Liberman’s remarks came amid an escalation of tensions between Tehran and Jerusalem following an April 9 strike against an Iranian drone facility in Syria, which Iran, Russia and some U.S. officials have claimed Israel was responsible for.

“We will destroy every site where we see an attempt by Iran to position itself militarily in Syria,” the defense minister told the London-based Arabic-language paper. “We will not allow it, at all costs.”

Nevertheless, Liberman said that he “wants calm” and was not seeking to “attack or fight anyone.”

“I want the situation in Tel Aviv, where the hotels are full and the cafes and restaurants are full around the clock, to continue, and this is what I also wish [for the Iranians] — calm, not war,” he added.

Liberman also slammed the Iran nuclear deal, drawing a comparison with the 1938 Munich Agreement, which instead of stopping Hitler only encouraged him.

“Europe is wrong again. In the past, the Europeans made a mistake when they signed the Munich Agreement in 1938 with Germany. We all know what happened and how Hitler tricked them,” he said.

“I think they are making the same mistake,” Liberman added.

He said the U.S. was right to follow through on President Donald Trump’s threat to withdraw from the accord since doing so would see Tehran mired in an economic crisis and possibly result in the collapse of the regime itself.

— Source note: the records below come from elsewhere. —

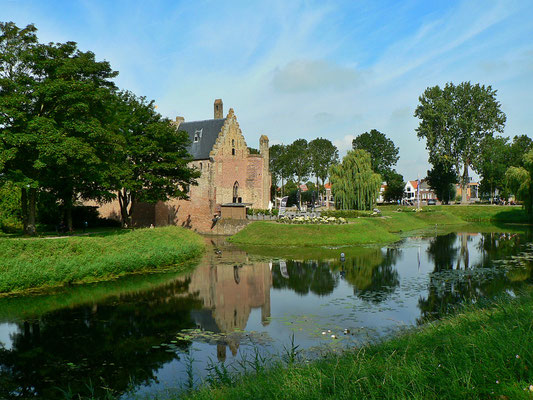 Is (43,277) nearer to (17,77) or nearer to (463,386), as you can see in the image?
(17,77)

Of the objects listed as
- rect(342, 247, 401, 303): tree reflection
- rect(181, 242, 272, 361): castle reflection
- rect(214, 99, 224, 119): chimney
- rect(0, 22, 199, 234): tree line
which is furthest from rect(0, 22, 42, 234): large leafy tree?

However, he stated, “We will respect any decision taken by the U.S. administration in this regard,”

“The Iranian economy is collapsing. Look at the popular demonstrations against the unjust regime, the regime that led to economic collapse in Iran,” he said. “They know that the Iranian regime is in its last days and its collapse is near.”

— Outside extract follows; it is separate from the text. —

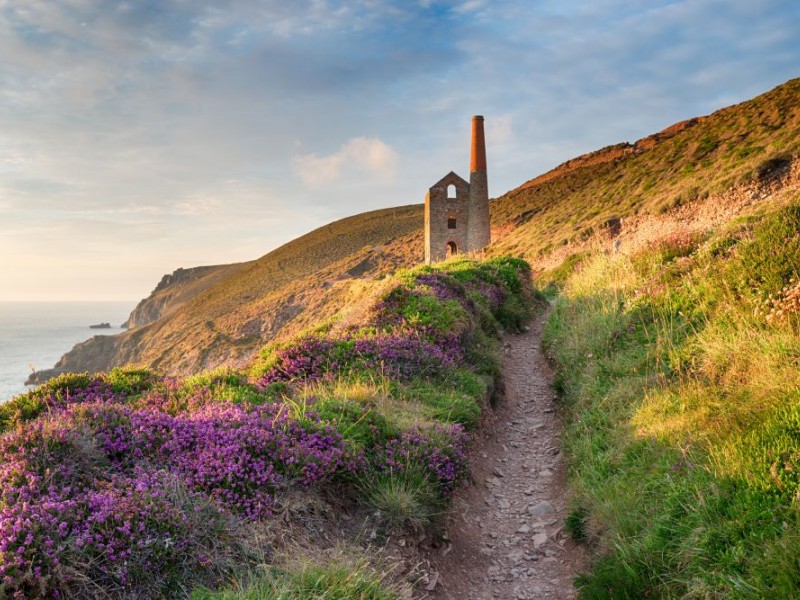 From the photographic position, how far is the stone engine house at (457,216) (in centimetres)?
4475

Tehran has spent $13 billion in funding terror groups including Hezbollah, Hamas and the Palestinian Islamic Jihad. “And the Iranian people get nothing,” Liberman added.

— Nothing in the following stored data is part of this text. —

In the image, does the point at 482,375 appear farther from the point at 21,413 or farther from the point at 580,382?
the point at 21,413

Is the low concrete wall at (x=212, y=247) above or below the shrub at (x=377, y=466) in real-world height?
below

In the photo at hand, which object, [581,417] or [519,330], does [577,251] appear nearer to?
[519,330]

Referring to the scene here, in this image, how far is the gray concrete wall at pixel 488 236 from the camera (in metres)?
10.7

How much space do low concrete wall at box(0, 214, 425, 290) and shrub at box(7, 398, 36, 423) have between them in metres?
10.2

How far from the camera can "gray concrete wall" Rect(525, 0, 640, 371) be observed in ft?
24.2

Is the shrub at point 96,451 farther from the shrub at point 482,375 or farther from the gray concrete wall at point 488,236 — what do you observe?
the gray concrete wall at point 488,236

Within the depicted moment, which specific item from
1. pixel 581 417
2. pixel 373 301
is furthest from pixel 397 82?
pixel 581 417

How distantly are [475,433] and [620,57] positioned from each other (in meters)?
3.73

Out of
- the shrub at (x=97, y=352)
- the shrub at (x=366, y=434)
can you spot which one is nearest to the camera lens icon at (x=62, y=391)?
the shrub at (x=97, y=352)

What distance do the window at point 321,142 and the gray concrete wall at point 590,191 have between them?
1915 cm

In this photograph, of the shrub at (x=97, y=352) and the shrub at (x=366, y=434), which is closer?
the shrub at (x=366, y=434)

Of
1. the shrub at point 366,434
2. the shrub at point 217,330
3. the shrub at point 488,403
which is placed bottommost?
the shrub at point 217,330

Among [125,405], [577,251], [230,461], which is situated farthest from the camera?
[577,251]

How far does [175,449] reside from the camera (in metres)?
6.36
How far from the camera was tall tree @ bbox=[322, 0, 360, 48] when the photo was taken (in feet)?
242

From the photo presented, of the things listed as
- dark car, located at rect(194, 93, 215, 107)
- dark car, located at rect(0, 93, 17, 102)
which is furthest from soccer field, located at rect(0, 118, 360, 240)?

In the coming weeks, Trump is due to decide if America will remain part of the Iran nuclear agreement or impose new sanctions against the regime. On Wednesday, Trump and French President Emmanuel Macron, who was visiting Washington, indicated that the US was likely to stay in the deal but seek additional measures to curb things like Iran’s ballistic missile program and support for terrorist groups in the region.

“We will respect any decision taken by the US administration in this regard,” Liberman told Elaph.

The defense minister denied that Israel was responsible for assassinating Hamas drone maker Fadi al-Batsh in Malaysia last Saturday.

“Al-Batsh was not a scientist looking to bring electricity to Gaza. He was working on developing drones and making Hamas rockets more accurate,” Liberman said.

But, the defense minister said, “We did not kill him.”

Maybe it was “James Bond, like in the movies,” he joked.

Regarding the Palestinians, Liberman said the “two-state solution is out of the question today” and called Palestinian Authority President Mahmoud Abbas a “lightweight” who did not have the ability to make peace.

He called for a “regional solution” that would see Israel establish ties with the entire Arab world.

“I invite [all Arab leaders] to come out to the public and visit Israel, as Anwar Sadat did, and we will welcome them all,” he said.